───── RECORDS PROVIDED

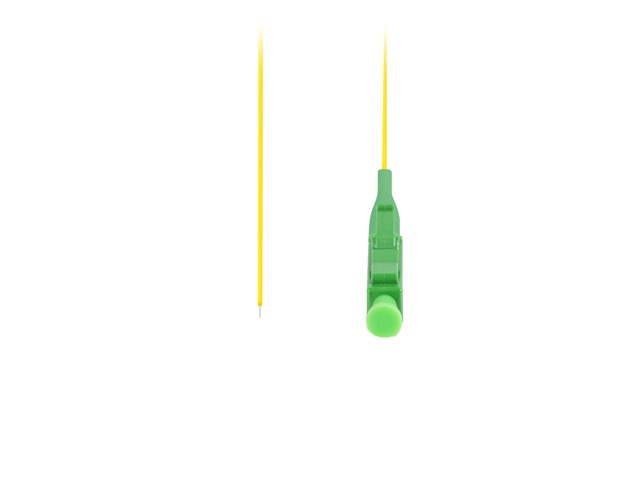 Lanberg FP-LCAP-SE11-0020-YE Monomódusú LC/APC optikai pigtail kábel 2m
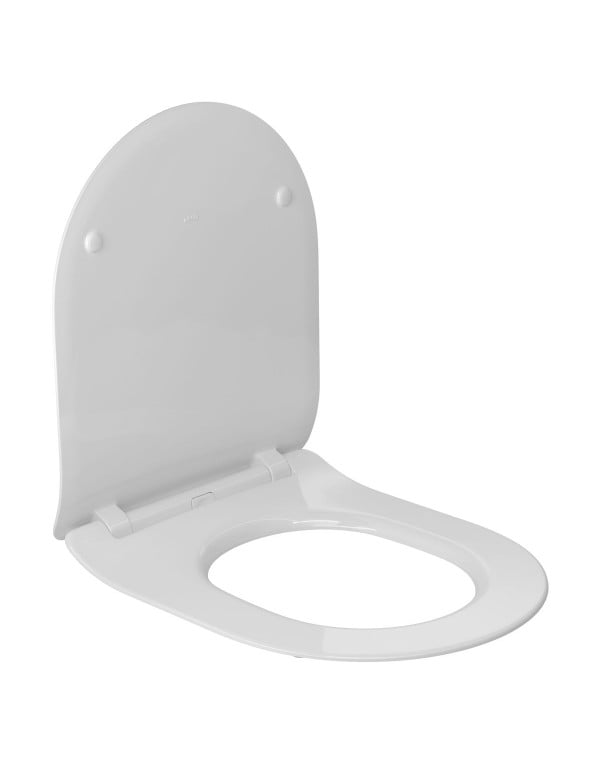 Assento Termofixo com Slow Close e Easy Clean Deca LK, Nuova e Carrara Branco AP.2362.17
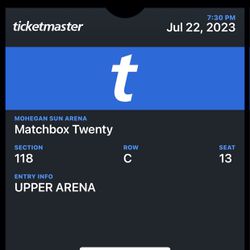 Matchbox 20 Tickets Thumbnail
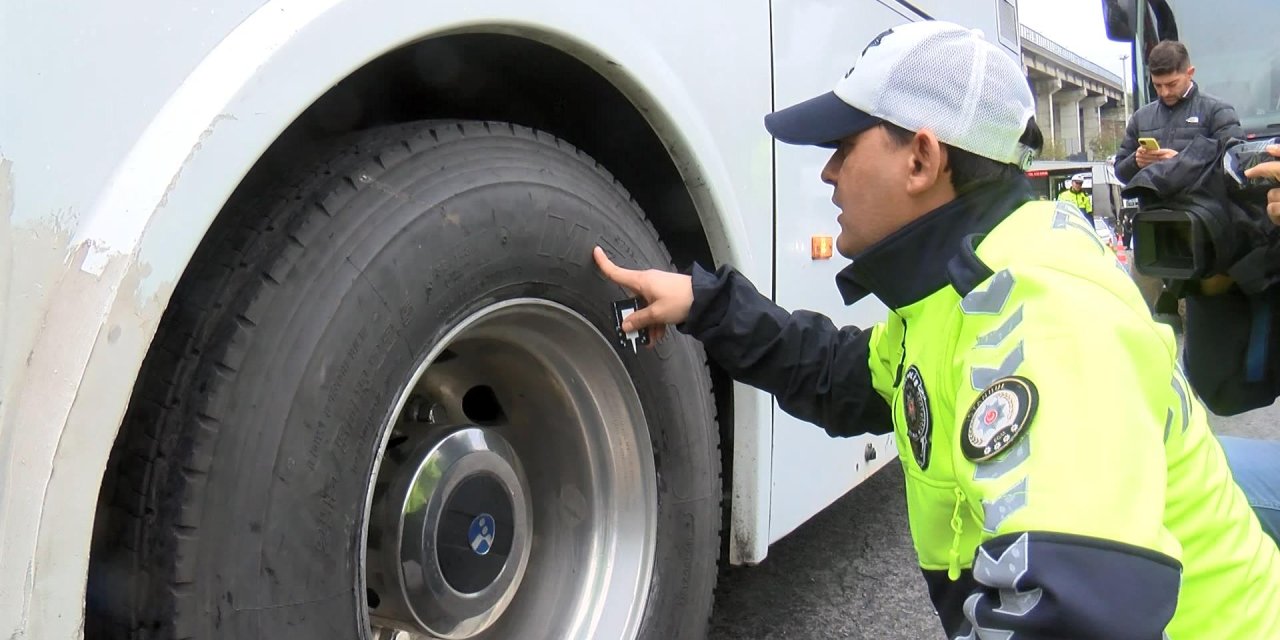 15 Temmuz Demokrasi Otogarı'nda Kış Lastiği Denetimi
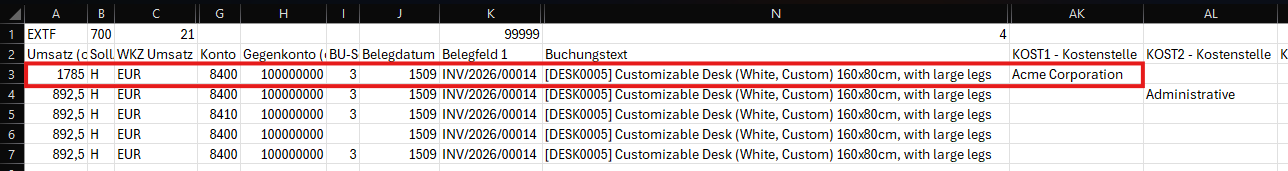 DATEV AddOn Screenshot 11 DATEV AddOn Screenshot 11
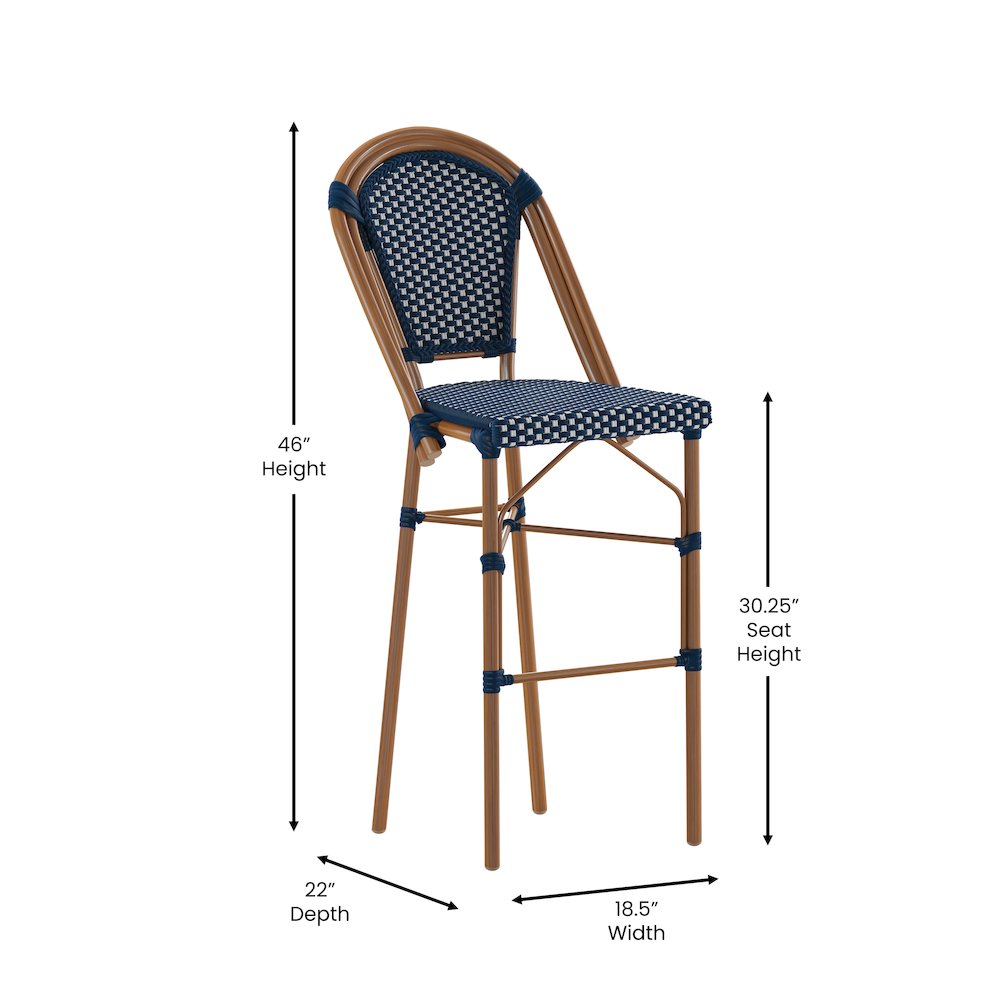2PK Navy/White, Paris Chair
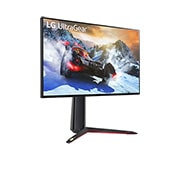 LG Monitor pentru jocuri UHD 4K UltraGear™ Nano IPS 1ms (GtG), 27'', care suportă 4K și 120 Hz prin HDMI 2.1, Vedere din perspectivă, 27GP950-B, thumbnail 4
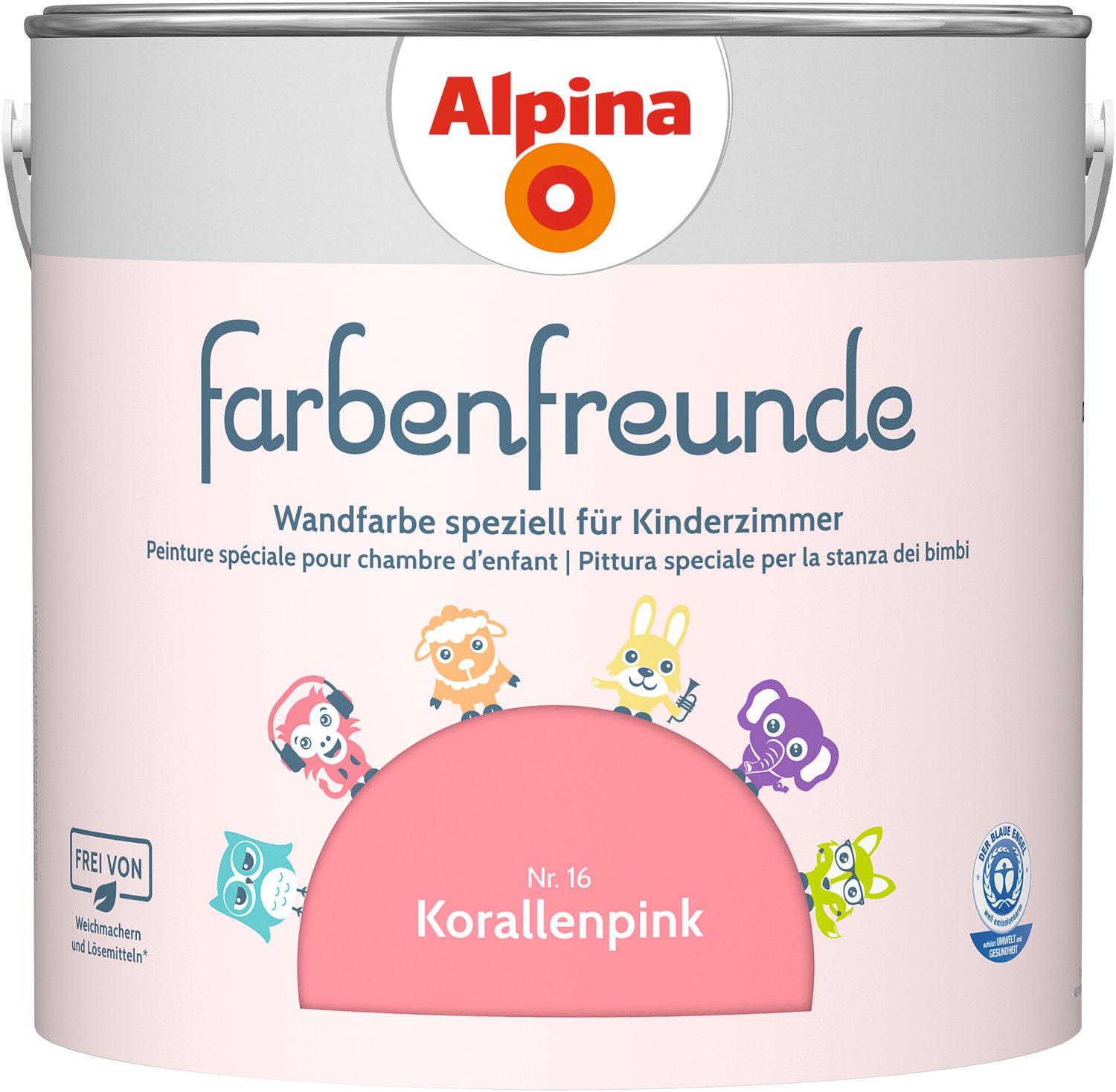 ALPINA Farbenfreunde Koral-pink 2,5 l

──────────

▶ [PROBLEM REQUIREMENTS] Reproduce the material word for word. Any pictures should be left out of the copy.

▶ [ANSWER BOX]
 Lanberg FP-LCAP-SE11-0020-YE Monomódusú LC/APC optikai pigtail kábel 2m
 Assento Termofixo com Slow Close e Easy Clean Deca LK, Nuova e Carrara Branco AP.2362.17
 Matchbox 20 Tickets Thumbnail
 15 Temmuz Demokrasi Otogarı'nda Kış Lastiği Denetimi
 DATEV AddOn Screenshot 11 DATEV AddOn Screenshot 11
2PK Navy/White, Paris Chair
 LG Monitor pentru jocuri UHD 4K UltraGear™ Nano IPS 1ms (GtG), 27'', care suportă 4K și 120 Hz prin HDMI 2.1, Vedere din perspectivă, 27GP950-B, thumbnail 4
 ALPINA Farbenfreunde Koral-pink 2,5 l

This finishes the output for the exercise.